OLNEY: Senator, you’re out of time.

LIEBERMAN: And market-based mechanisms to make it happen. We’ve got to lead here.

CURWOOD: Well, but with all due respect, I don’t think you really responded to my question directly. The Kyoto…

LIEBERMAN: I certainly responded.


CURWOOD: That’s true. Thank you. They UN framework convention may not have any teeth, but by golly, it’s got gums and a bite to it. And what it does is require the United States government to implement a program of greenhouse gas reductions. We’re required under this.

OLNEY: Thirty seconds.

LIEBERMAN: Well, we’re in violation of it. It has no teeth so…Oh, I’d continue to do all the other things that I’ve done. My energy independence program would require much greater fuel efficiency, 40 miles a gallon. The Clean Power Act that I’ve co-sponsored with Jim Jeffords would clean up those power plants and close down the old ones, so there wasn’t as much junk in the air, etc., etc., etc. Look, the important thing about greenhouse gas and climate change responses is, as somebody said to me, it’s a win-win. Not only do you prevent the most catastrophic effects of global warming in the future, but today you clean up the air. So people are not dying—and 150 thousand kids in Los Angeles have asthma aggravated by dirty air. If we took some of the steps I’ve talked about…

OLNEY: Senator, your thirty seconds has expired. Pilar, a question for governor Dean.

MORERRO: Governor, water quality is becoming a bigger issue for populations in the inner cities, where old plumbing and treatment plants are decaying, and in rural areas and small communities. There needs to be an investment in infrastructure, but in the last 20 years, the federal government hasn’t lived up to that. Do you have plans to address this?

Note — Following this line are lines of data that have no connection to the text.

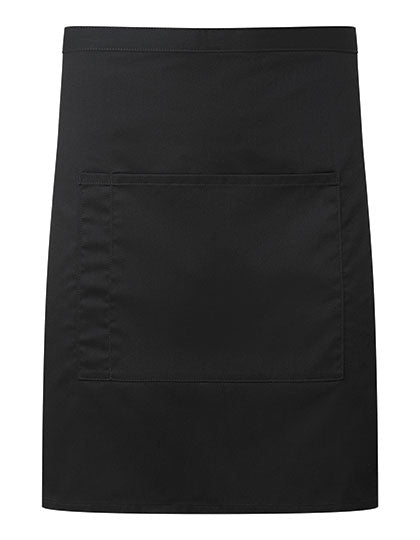 Colours Mid Length Apron with Pocket - Black
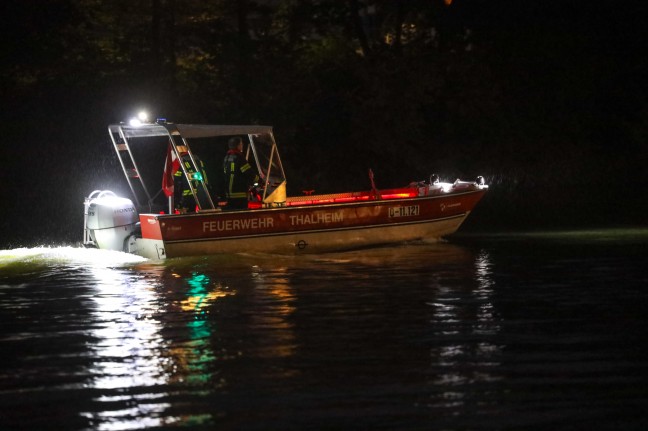 Bootseinsatz: Feuerwehr befreit Schwan auf der Traun in Thalheim bei Wels von eingehängtem Ast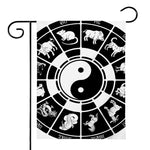 Black And White Chinese Zodiac Print House Flag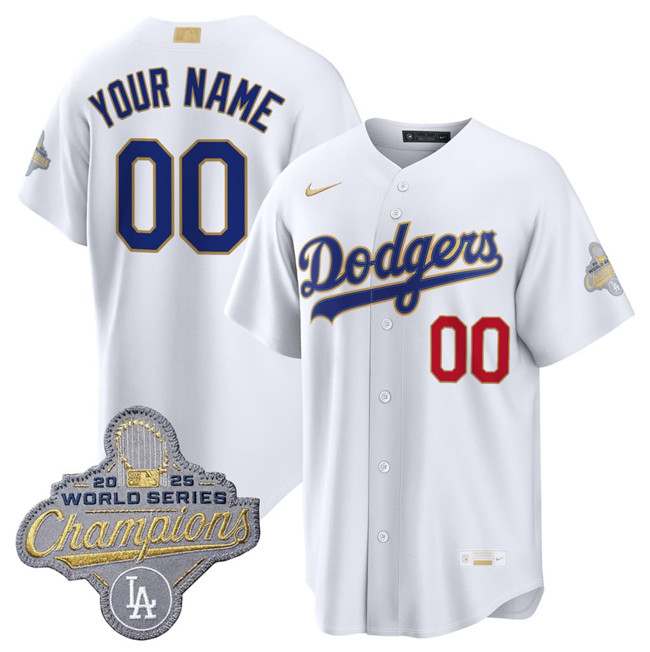 Youth Los Angeles Dodgers ACTIVE PLAYER Custom White 2026 Gold Collection Stadium Stitched Baseball Jersey Youth Los Angeles Dodgers ACTIVE PLAYER Custom White 2026 Gold Collection Stadium Stitched Baseball Jersey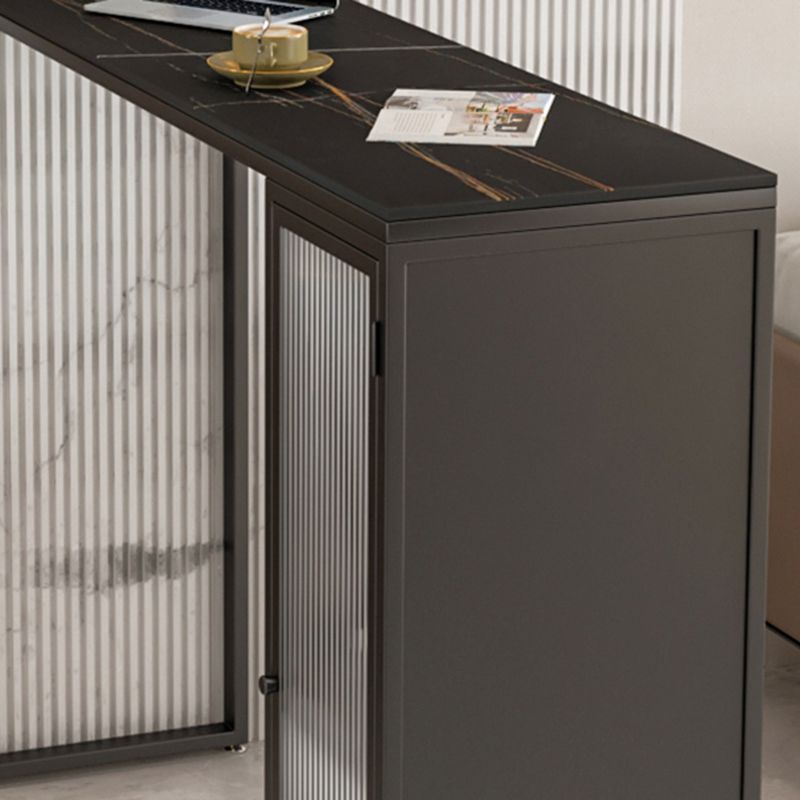 1/2 Pieces Modern Rectangle Sintered Stone Counter Table with High Stools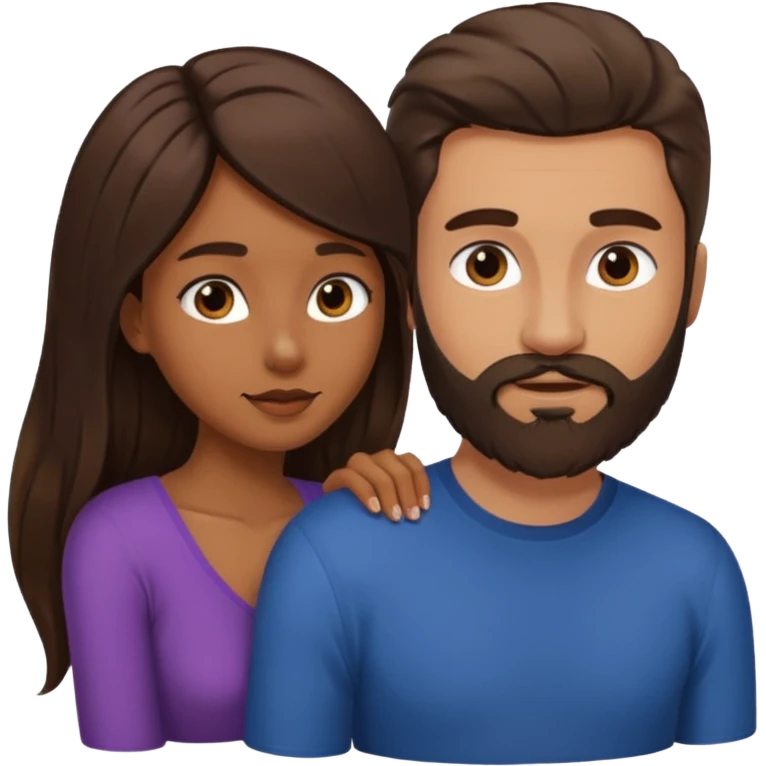 sex sticker, brown girl with long dark hair getting fucked by white guy with brown hair and beard having sex, nude tits, girl bent over, having sex emoji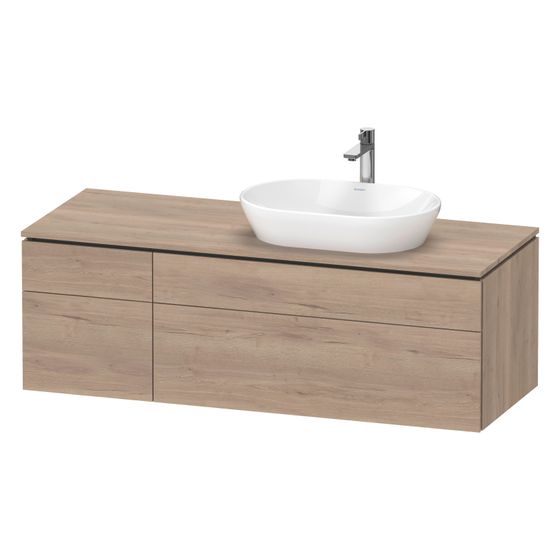 Duravit L-Cube Konsolen-WTU wandh. 550x1420x482mm Eiche Marmoriert Matt, mittig, mit KSP, Dekor, 2 SK, o.Gr. LC4875055550000
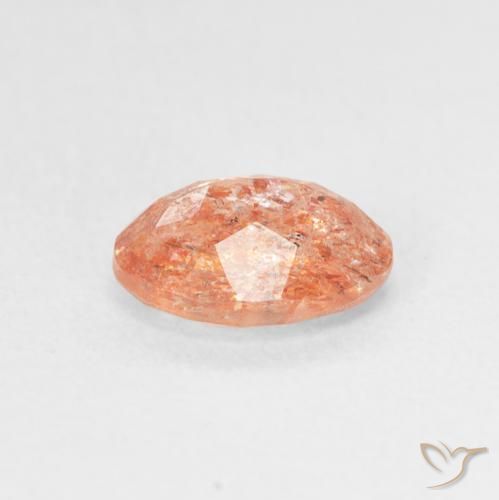 1.19 карата, натуральный Medium Light-Orange Солнечный камень, Овал, Полупрозрачный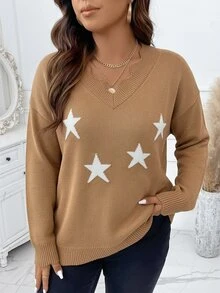 SHEIN LUNE Áo len chui đầu dệt jacquard phối màu tương phản phong cách tối giản mặc hàng ngày size lớn - Lạc đà - Xem 5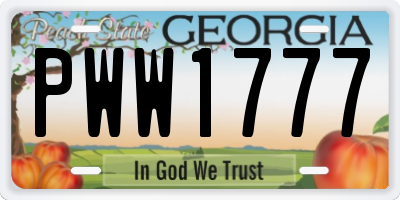 GA license plate PWW1777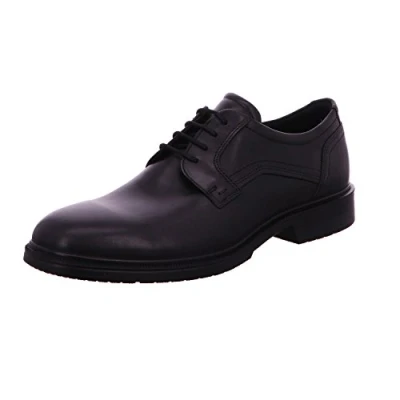 Image of ECCO Men&#039;s Lisbon Plain Toe Tie Derbys, Black, 7 UK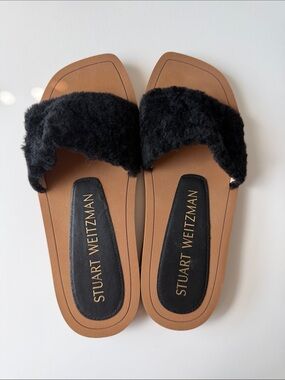 Stuart Weitzman Black Faux-Fur Tan Slide Sandals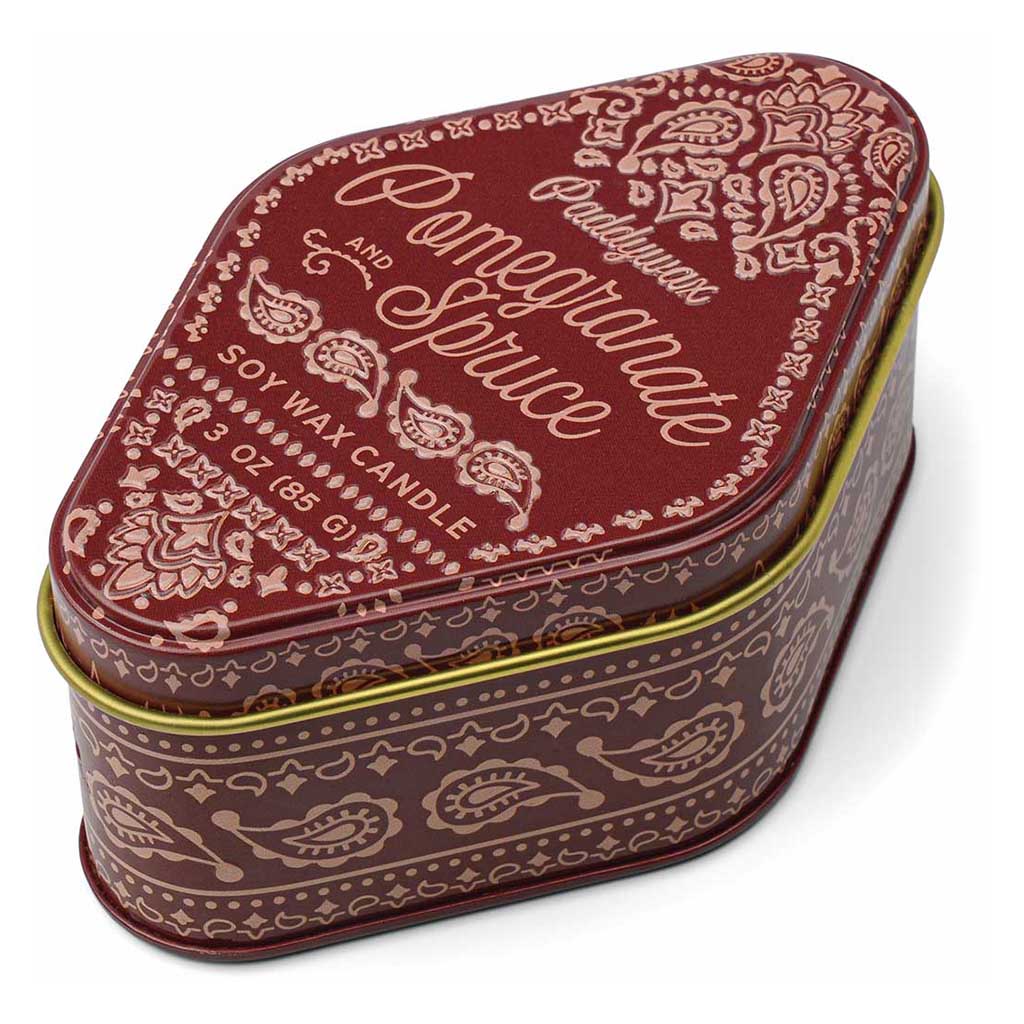 Station Printed Tin Candle Pomegranate & Spruce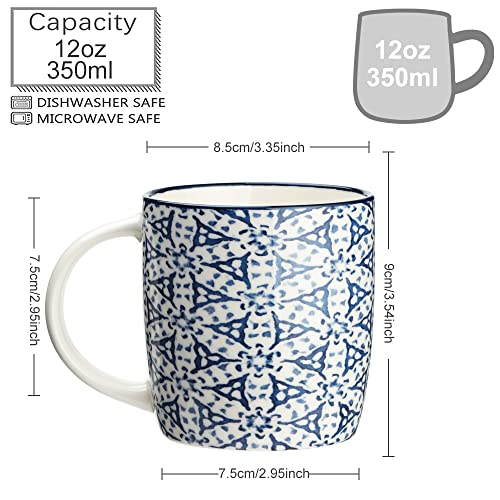 MACHUMA Set of 4 12 oz Coffee Mugs with Blue and White Geometric Patterns, Ceramic Tea Cup Set, Gift for Friends (Set 1) by MACHUMA - Image 2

DEAN: I do. I think the president has been incredibly foolish to have these enormous tax cuts, which really haven’t helped Americans with jobs at all. Here’s what I’d do for jobs—first stimulate small business, because they create more jobs than large businesses do, and they don’t move their jobs to Indonesia—and secondly, invest in infrastructure. Now, in our state, we’re very careful about what we do. We invest in sewer and water, but we don’t invest in sewer and water if it leads to urban sprawl. We don’t want certain infrastructure, because we know if we build it, then the development that we don’t want follows. But we need to fix the old infrastructure now. It will create jobs, it will build an infrastructure for the new economy, and it will reduce the pollution going into our waters. And that’s a much better investment than giving tax cuts to people like Ken Lay.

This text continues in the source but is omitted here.